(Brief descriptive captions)
▬▬▬

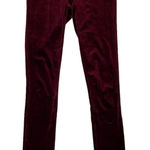 Spanx  Velvet Leggings Small Red Long Slim Fit Holiday Party Luxe Sexy Photo 0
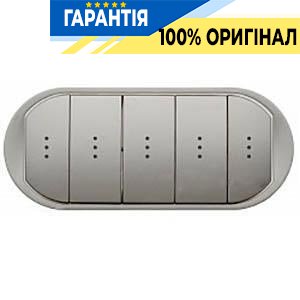 Панель з підсвічуванням для «5-клавішного» вимикача Legrand Celiane 68320, титан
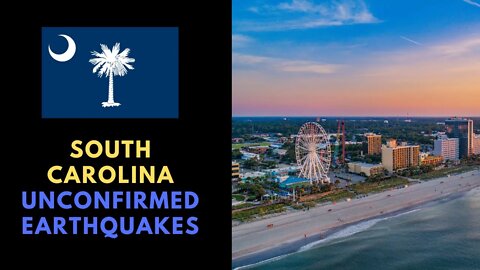 Are South Carolina Earthquakes Unconfirmed?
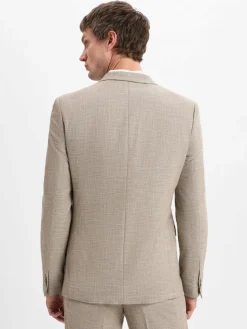 Finshley & Harding Baukasten-Anzüge|Sakkos<Herren Baukasten-Sakko - Steven beige gemustert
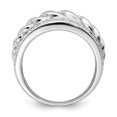 thumbnail image 2 of Sterling Silver Rhodium Plated CZ Ring QR6982, 2 of 6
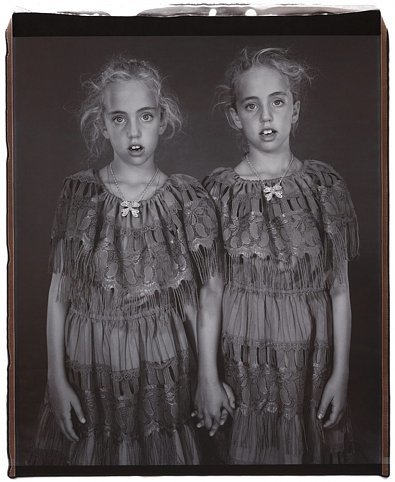 Heather and Kelsey Dietrick (from the Twins series), 2002, Unique polaroid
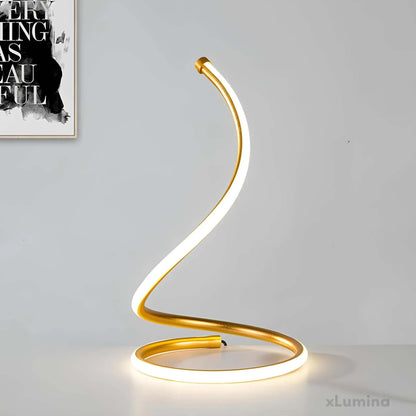 GloedX - Spiraal silicagel licht gouden tafellamp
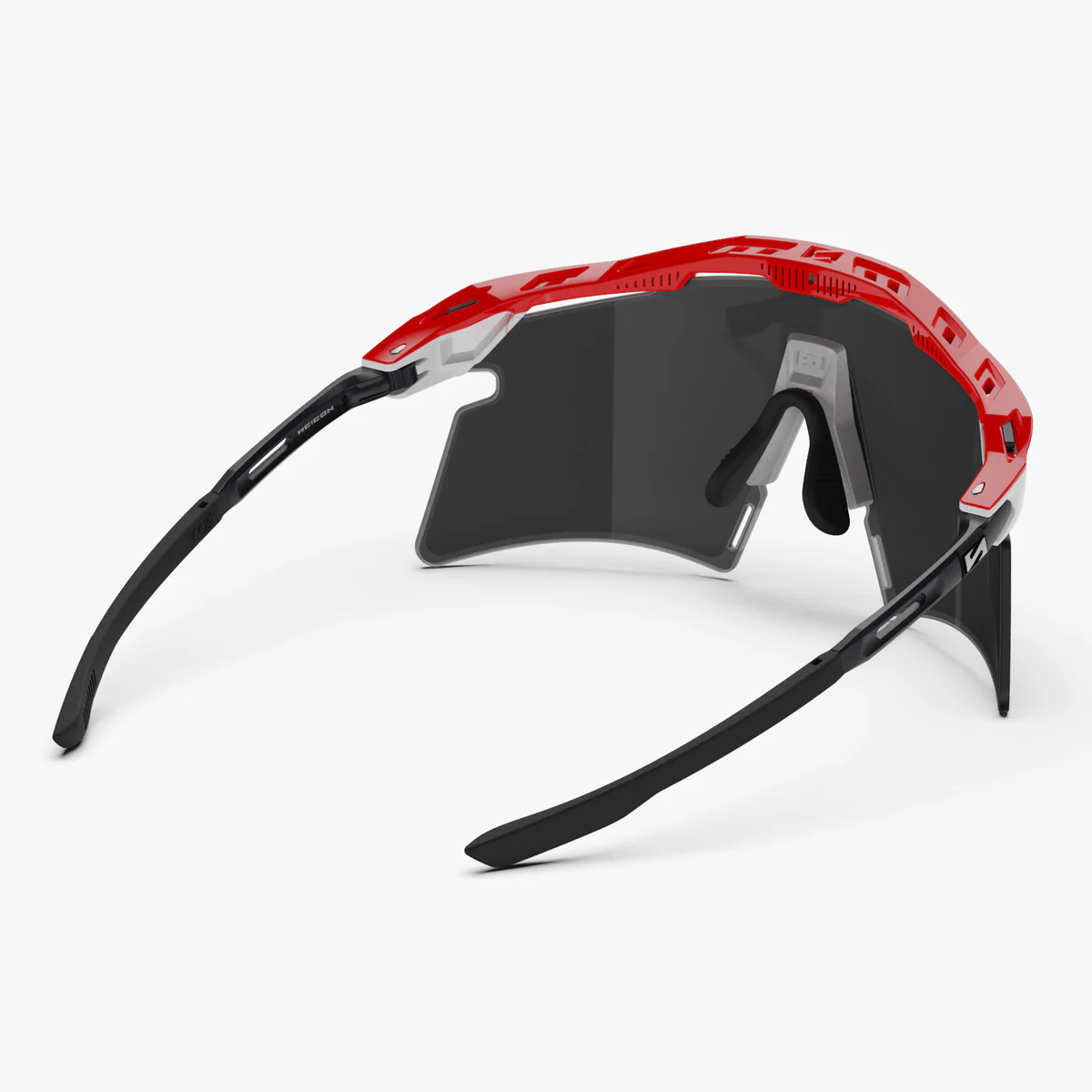 Lunettes SCICON AEROSHADE 2.0 TITANIUM UAE EMIRATES Verre Smoke Black + Pink
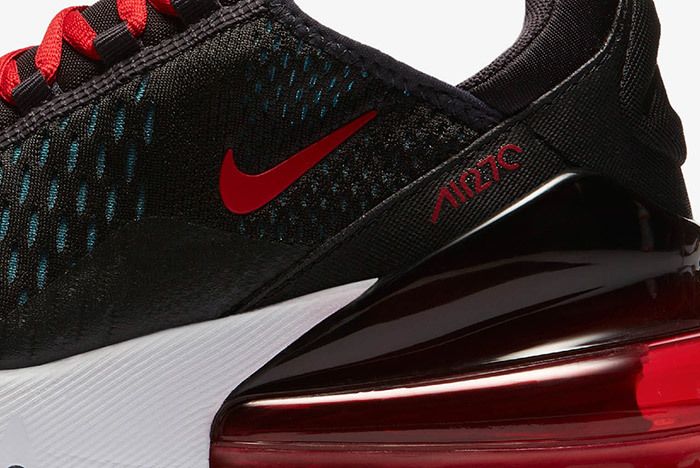Nike Aur Max 270 Black Red 7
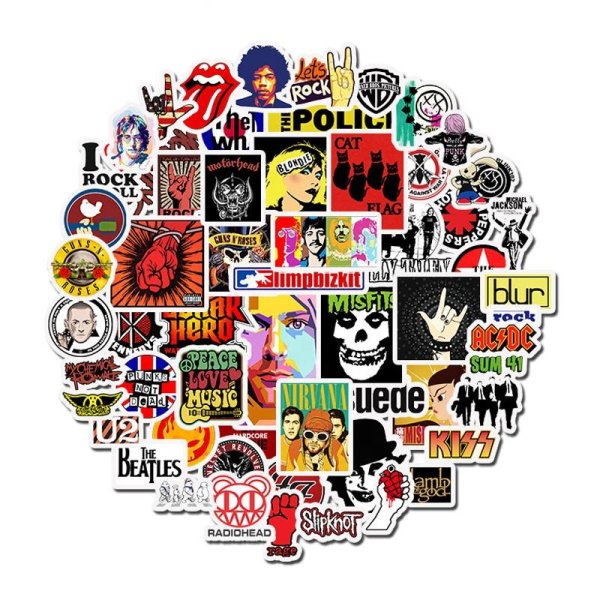 Панк наклейки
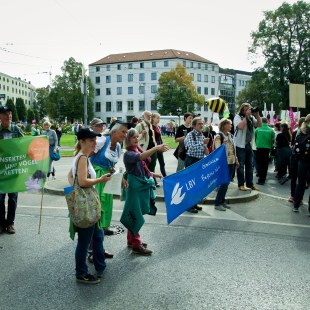 Demozug zum Odeonsplatz in München bei Mia ham's satt | © LBV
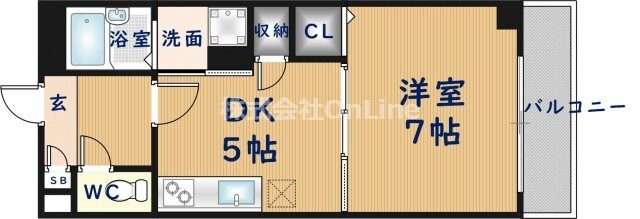 メルシー2000の物件間取画像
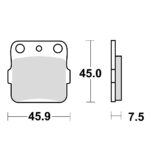 TRW MCB561 Disk pločice za motocikle (ORGANIC)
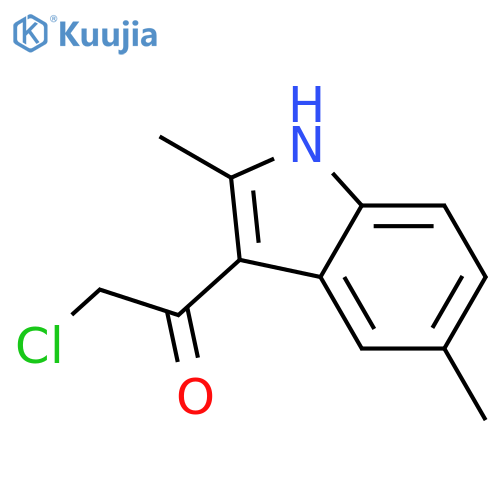 2-Chloro-1-(2,5-dimethyl-1H-indol-3-yl)ethanone structure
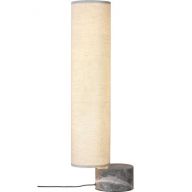 Gubi Unbound H80 Vloerlamp - Grijs marmer & Canvas wit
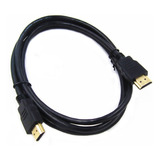 Cable Hdmi 1,5 Metros Full Hd Reforzado 7mm V1.3 Dorado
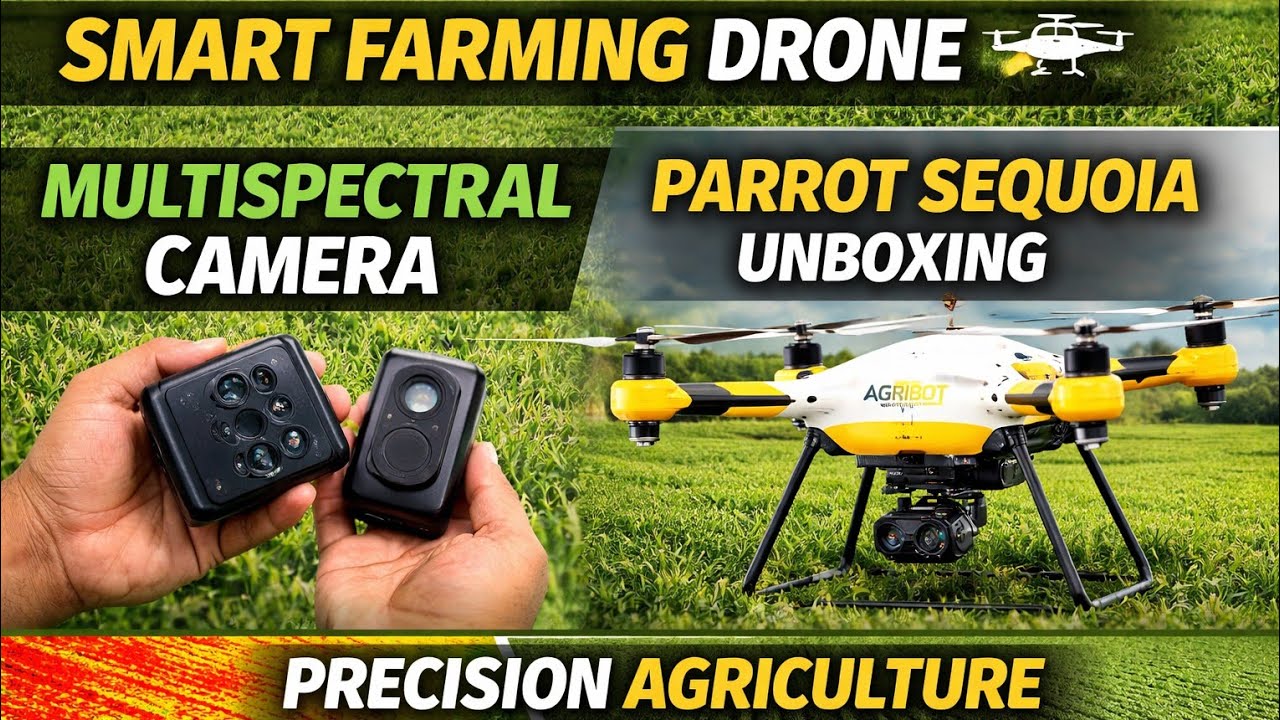 Parrot Sequoia Multispectral Camera Unboxing | Precision Agriculture Drone Demo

▬▬▬

Directions:
Each line from the line containing "TRW MCB561 Disk" through the final line of the data above must be retyped exactly; nothing else, and no pictures, may appear.

Answer for this exercise:
 TRW MCB561 Disk pločice za motocikle (ORGANIC)
 2-Chloro-1-(2,5-dimethyl-1H-indol-3-yl)ethanone structure
 Gubi Unbound H80 Vloerlamp - Grijs marmer & Canvas wit
 Cable Hdmi 1,5 Metros Full Hd Reforzado 7mm V1.3 Dorado
 Parrot Sequoia Multispectral Camera Unboxing | Precision Agriculture Drone Demo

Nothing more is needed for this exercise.